++++ Record excerpts

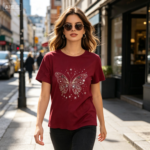 Women’s Rhinestone Butterfly T-Shirt - Image 3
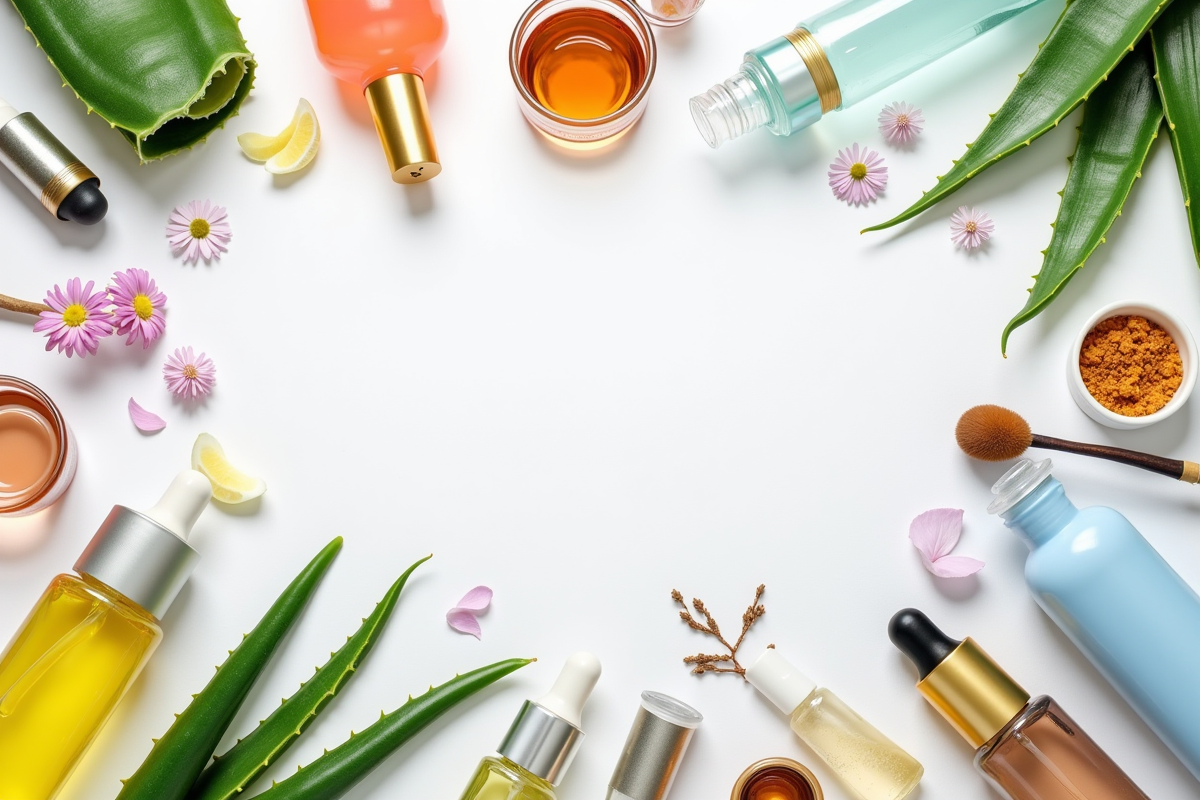 Arrangement de produits cosmétiques naturels et instruments de recherche sur une table lumineuse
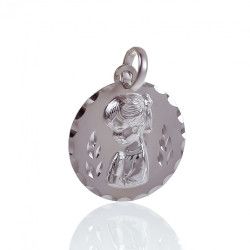 Colgante de Virgen Niña Tallada en Plata de Ley 925mls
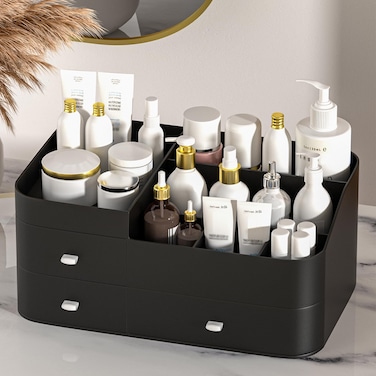MIUOPUR Makeup Organizer for Vanity, Large Capacity Desk Organizer with Drawers for Cosmetics, Lipsticks, Jewelry, Nail Care, Skincare, Ideal for Bedroom and Bathroom Countertops - Large Black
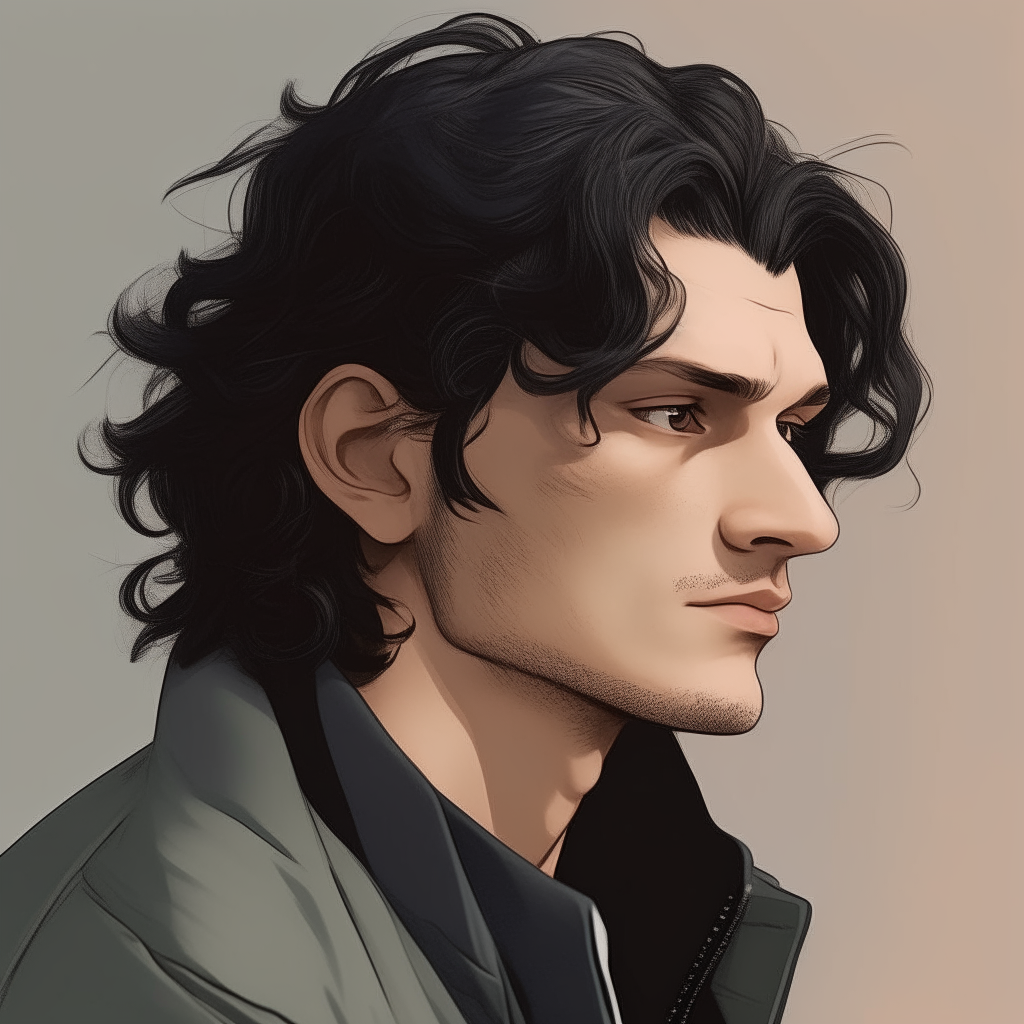 Profile view of Niko with wavy black hair and soft features like image 46, but with the intense gaze and jacket style of image 48.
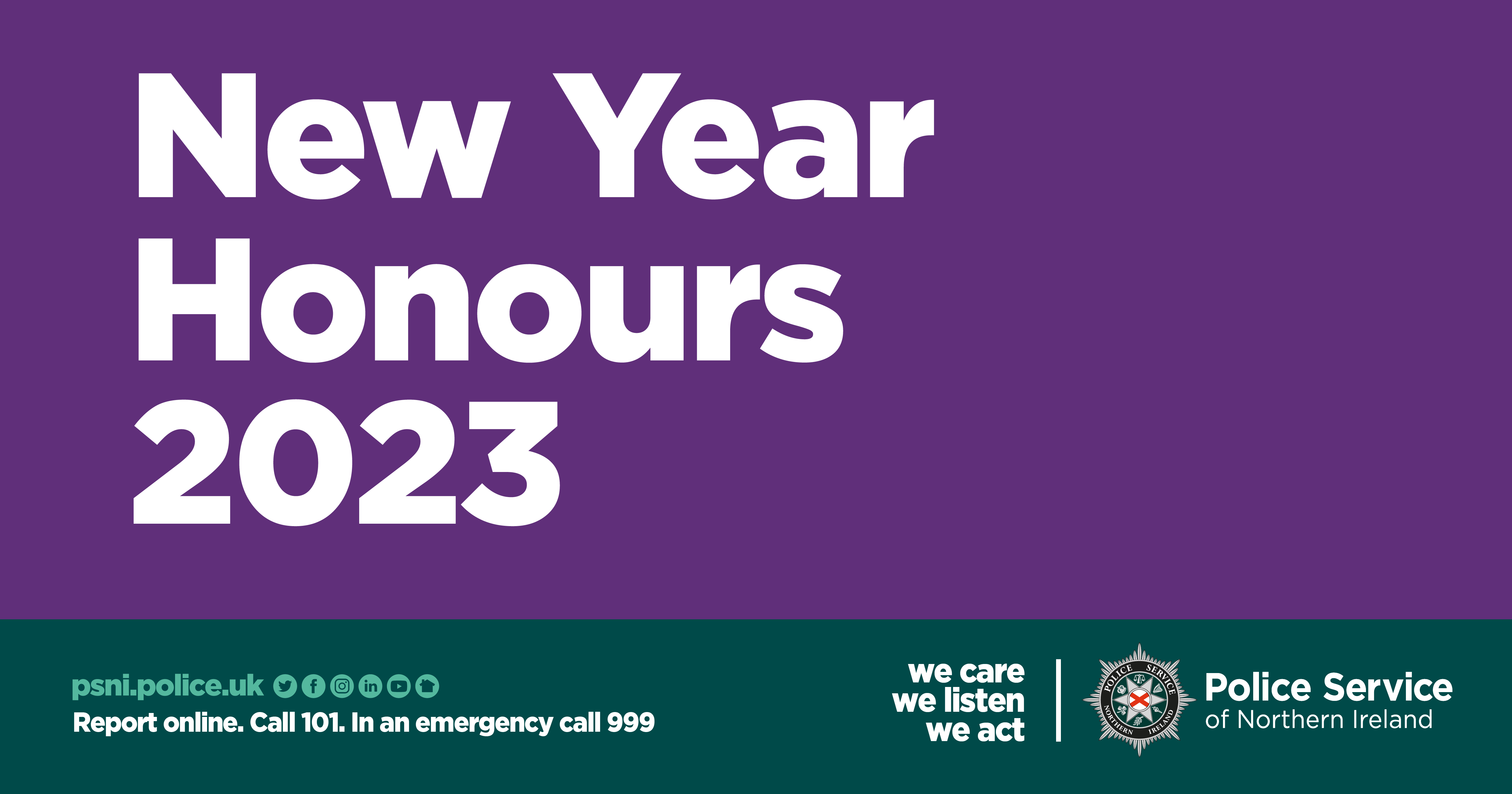 New Year Honours for the Police Service of Northern Ireland PSNI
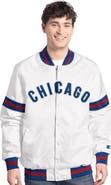 STARTER Men's Starter White Chicago Cubs Cooperstown Scout Full-Snap Varsity Jacket
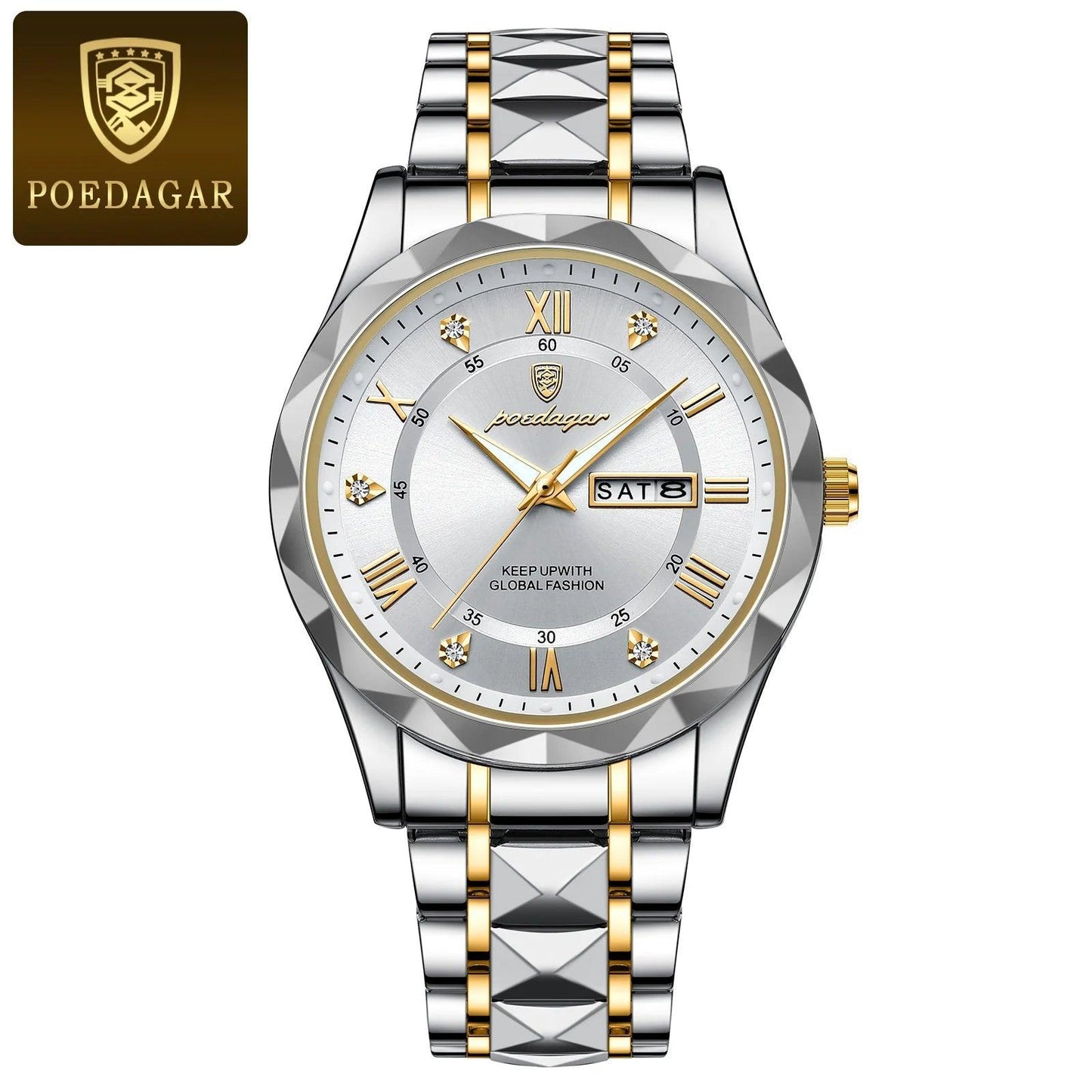 POEDAGAR Top Brand Luxury Man Wristwatch Waterproof Luminous Date Week Men Watches Stainless Steel Quartz Men's Watch Male reloj CaRaUaNa Fashion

++++++++

• _Description of the task_:
Only one stretch of the material above is wanted: the line containing "MIUOPUR Makeup Organizer" through the line containing "STARTER Men's Starter". Restate it word for word, minus the pictures.

• _Written response_:
MIUOPUR Makeup Organizer for Vanity, Large Capacity Desk Organizer with Drawers for Cosmetics, Lipsticks, Jewelry, Nail Care, Skincare, Ideal for Bedroom and Bathroom Countertops - Large Black
 Profile view of Niko with wavy black hair and soft features like image 46, but with the intense gaze and jacket style of image 48.
 New Year Honours for the Police Service of Northern Ireland PSNI
 STARTER Men's Starter White Chicago Cubs Cooperstown Scout Full-Snap Varsity Jacket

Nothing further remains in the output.